▸ **Problem to solve**: From top to bottom, retype the data exactly, passing over any picture.
----- Supplied information
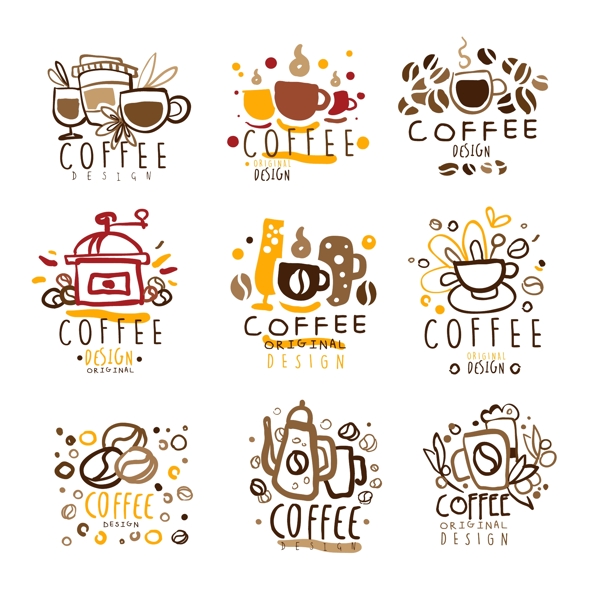 手绘创意咖啡标志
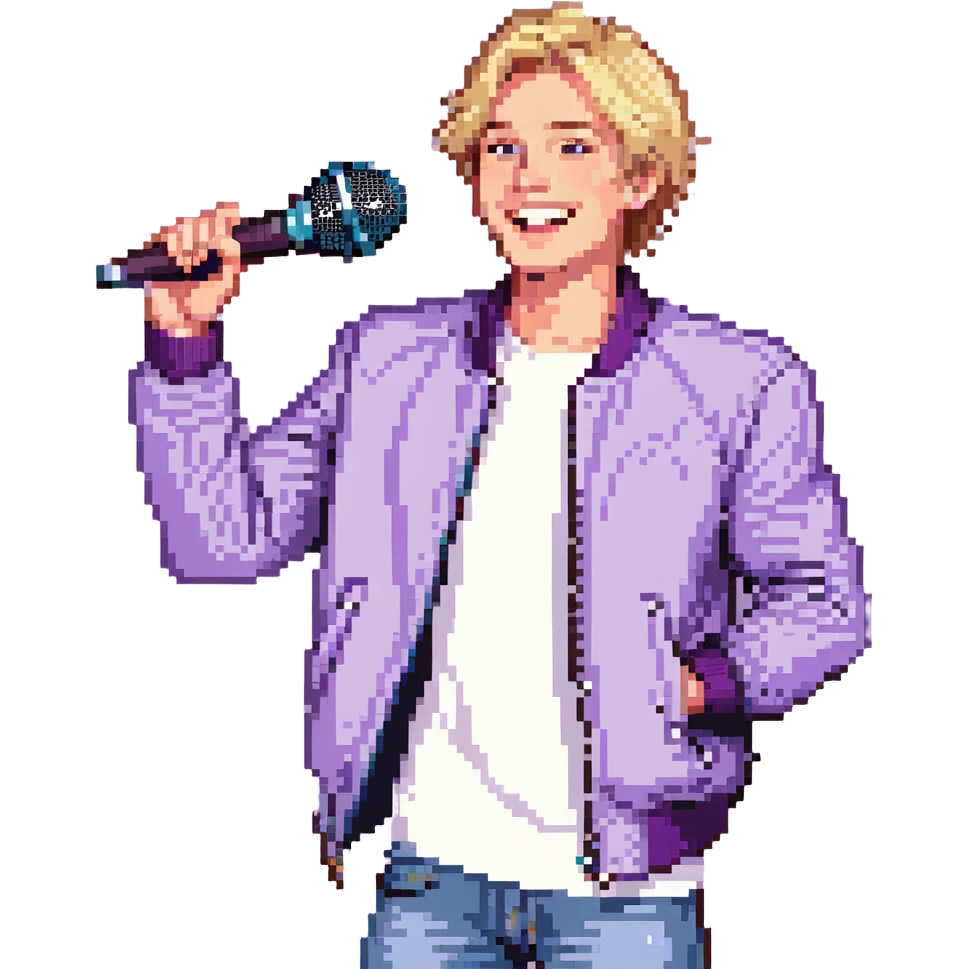 Pixel art style, expressive male performer, Caucasian features, short sandy blonde hair, lively eyes, wide cheerful smile, wearing a violet jacket over white tee, tossing a microphone in one hand, waist-up, front-facing emoji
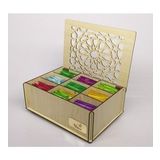 Ahşap Akça Renk Çay Kutusu 9 Bölmeli Kapaklı Poşet Bitki Çayı Saklama Kabı Tea Box ( Çaylar Dahil)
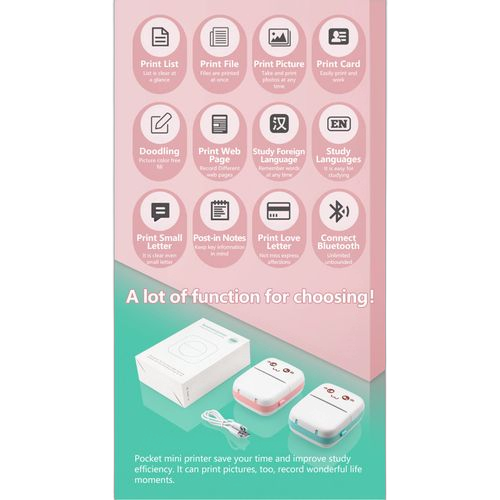 Mini imprimante portable – imprimante thermique bluetooth sans fil – 1 papier d'impression gratuit (bleu)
----------
▸ **Your response**:
 手绘创意咖啡标志
 Pixel art style, expressive male performer, Caucasian features, short sandy blonde hair, lively eyes, wide cheerful smile, wearing a violet jacket over white tee, tossing a microphone in one hand, waist-up, front-facing emoji
 Ahşap Akça Renk Çay Kutusu 9 Bölmeli Kapaklı Poşet Bitki Çayı Saklama Kabı Tea Box ( Çaylar Dahil)
 Mini imprimante portable – imprimante thermique bluetooth sans fil – 1 papier d'impression gratuit (bleu)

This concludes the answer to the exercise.